Keeping in mind this highly variable initial latency, our tests compare the setup time of Microsoft Dev Box to a new physical device once a developer receives it. We begin by configuring a Dev Box from the default image, where the only built-in time savings is the pre-installation of Visual Studio. We then create a custom image with our project source code and prerequisites built-in and measure the time savings possible with further automation.
Performance
To determine performance, we perform three clean builds of the Chrome browser on a number of Dev Box configurations and measure the average time on each. We compare those times against results on our physical device, which was sized to approximate the median device specs of clients running Visual Studio (according to telemetry data provided by Microsoft). That median target configuration features 4 cores, 8 threads running at 2.7 GHz, and 16 GB of RAM. The tested configurations are as follows:
- Physical device: 4 Cores, 8 threads running at 2.8 GHz, 32 GB RAM
- Similarly sized Dev Box: 8 vCPU, 32 GB RAM
- Medium Dev Box: 16 vCPU, 64 GB RAM
- Largest available Dev Box: 32 vCPU, 128 GB RAM.

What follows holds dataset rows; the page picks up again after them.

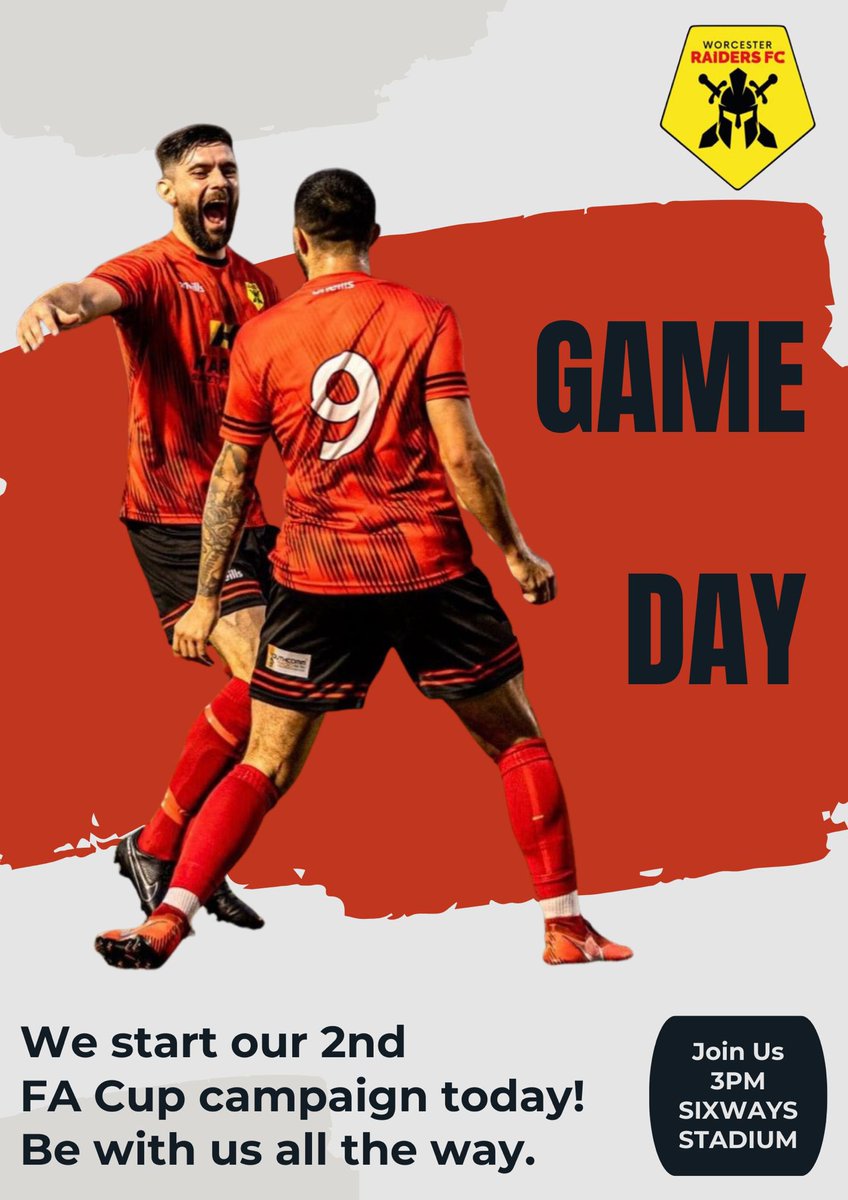 It’s Matchday not just any kind of Matchday it’s FA Cup Day up at Sixways Stadium as Worcester Raiders take on Belper United in the Emirates FA Cup KO 3pm Bar hot food available plus Free Parking Cmon You Raiders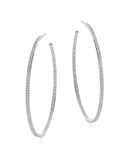 Nadri 2-Inch Pave Hoop Earrings - SILVER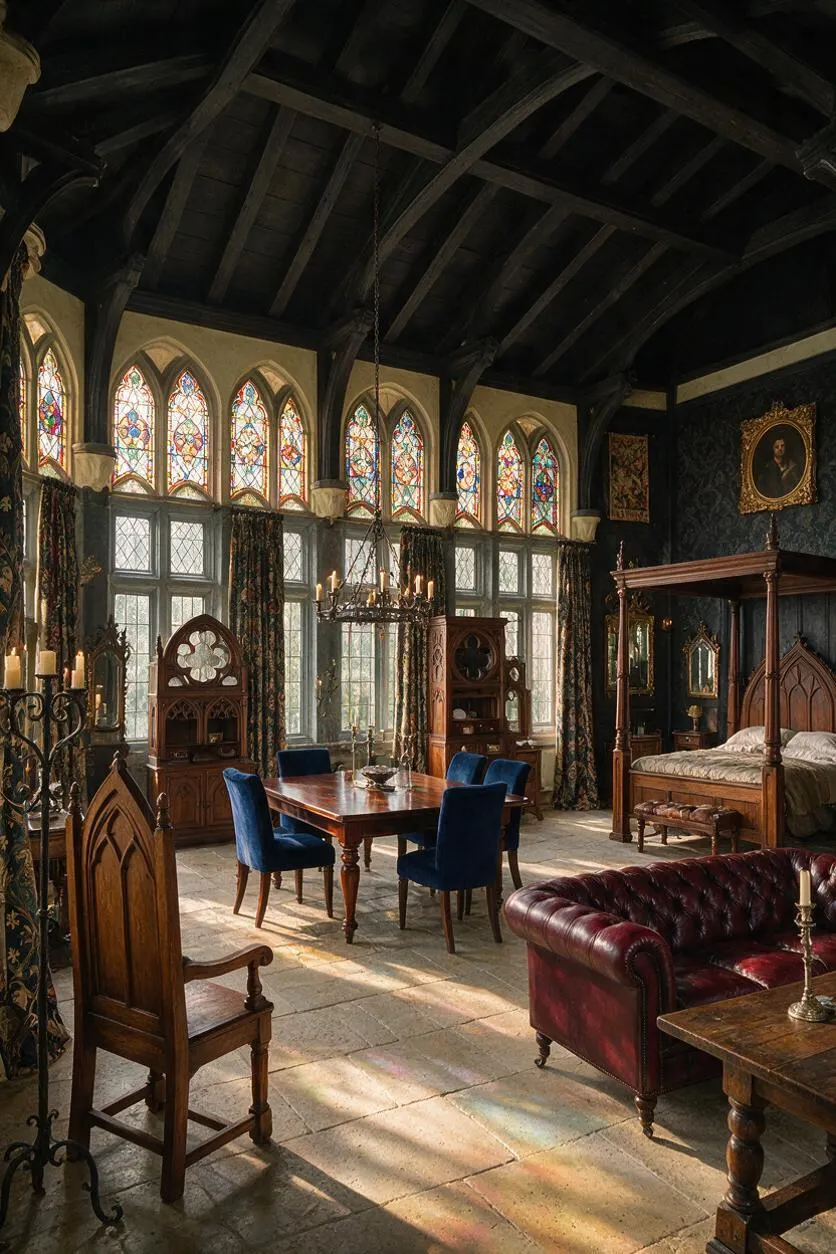 A dramatic Gothic-style sunroom with a high exposed dark timber ceiling, tall pointed stained-glass windows, and stone flooring. The room includes a wooden dining table with blue velvet chairs, a four-poster bed, a burgundy leather sofa, candle stands, and ornate carved wood furnishings.
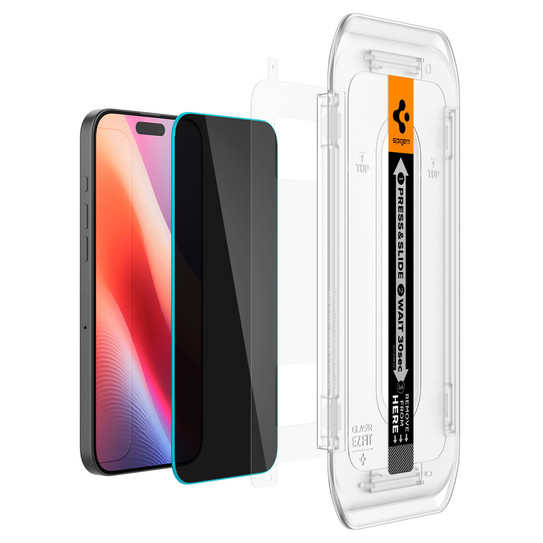 Spigen GLAS.tR EZ Fit Privacy 2 Pcs Screen Protector iPhone 16 Pro - Black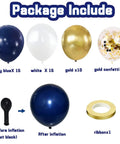 Bold Navy Blue Gold Confetti Balloons Set 50 Pack 12 Inch Latex Balloons With Ribbon in navy, white, metallic gold, gold confetti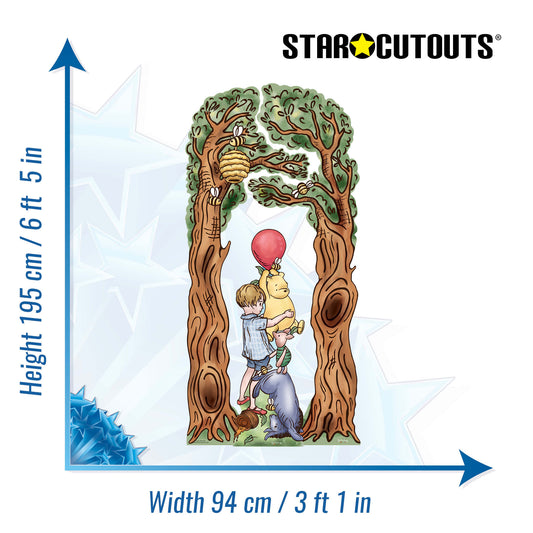 SC4894 Winnie & Tree Arch Decorations Triple Pack Cardboard Cutout Height 195cm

Note: While not a one-to-one comparison, each physical CPU core with hyperthreading enabled is roughly comparable to 2 virtual CPUs or “vCPUs” that would be assigned to a virtual machine by the hypervisor. Therefore, a 4-core physical device with hyperthreading provides comparable performance to a Dev Box with 8 virtual CPU cores.
4. Field Test Report
Dev Box Deployment
We followed the Microsoft developer guide found here to configure our Dev Box environment. See the ‘Initial Dev Box Deployment’ section of the Appendix for a detailed view of our deployment configurations.
Once our Dev center, project, Dev Box definitions, and network connections were deployed, we were able to begin testing Dev Box deployment.
The Dev Box UI suggests that it takes between 25 minutes and 65 minutes to deploy a new Dev Box. The deployment time depends on a number of factors including the type of Active Directory and any customizations that need to be applied. In our testing, it took approximately 30 minutes for our Dev Boxes to become available. Additionally, support tickets needed to be submitted to increase available core count quotas for Dev Boxes in our testing regions, which have a four- to five-day SLA on basic support. This is useful to keep in mind if a large influx of developers is planned or your organization is running near the limit of your quotas. Microsoft plans to incorporate Dev Box into Azure Quotas for self-service quota increases in the future.
Once deployed, the Dev Box was indeed ready-to-code with Visual Studio 2022 Enterprise preinstalled. Our local workstation required us to download and install Visual Studio 2022. We did not simulate any enterprise management features on the local workstation, but we estimate at least one hour to configure the device and install Visual Studio. We deployed our dev box to automatically hibernate and measured a wake time of approximately three to five minutes to become available. It’s worth noting that while hibernated, you do not pay for the compute resources of your Dev Box, but you do pay for storage. Pricing for running Dev Boxes is calculated hourly and caps at 80 hours per month.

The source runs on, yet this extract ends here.